WHAT THE TASK ASKS:
With pictures excluded, copy word for word the lines in the data below from the line containing "image for item" through the line containing "Snapshot of noah_happy07".

DATA EXCERPTS:
****

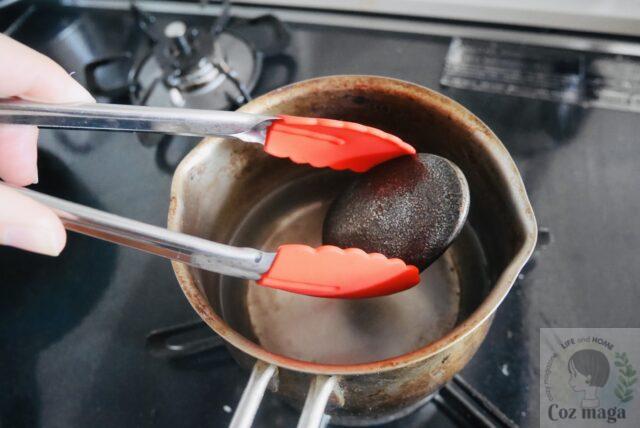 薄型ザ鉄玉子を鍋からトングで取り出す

****

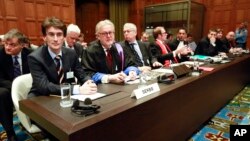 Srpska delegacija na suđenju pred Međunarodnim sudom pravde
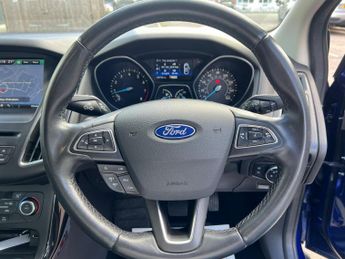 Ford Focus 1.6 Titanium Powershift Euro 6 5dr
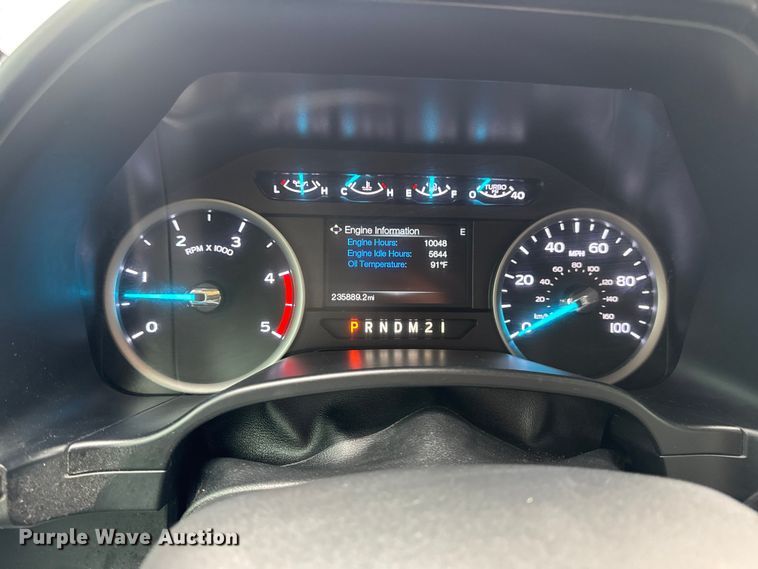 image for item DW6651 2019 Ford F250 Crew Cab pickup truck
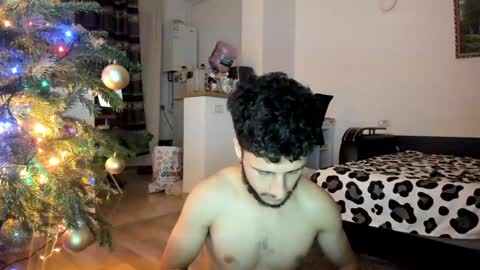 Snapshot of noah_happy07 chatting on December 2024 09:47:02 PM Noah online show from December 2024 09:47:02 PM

****

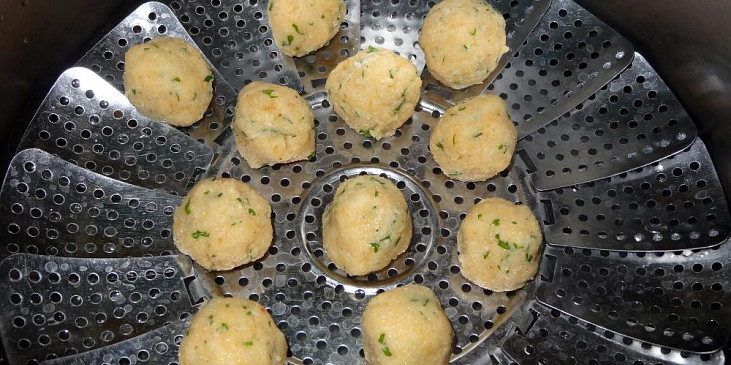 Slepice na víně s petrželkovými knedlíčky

****

EXERCISE RESPONSE:
 image for item DW6651 2019 Ford F250 Crew Cab pickup truck
 Snapshot of noah_happy07 chatting on December 2024 09:47:02 PM Noah online show from December 2024 09:47:02 PM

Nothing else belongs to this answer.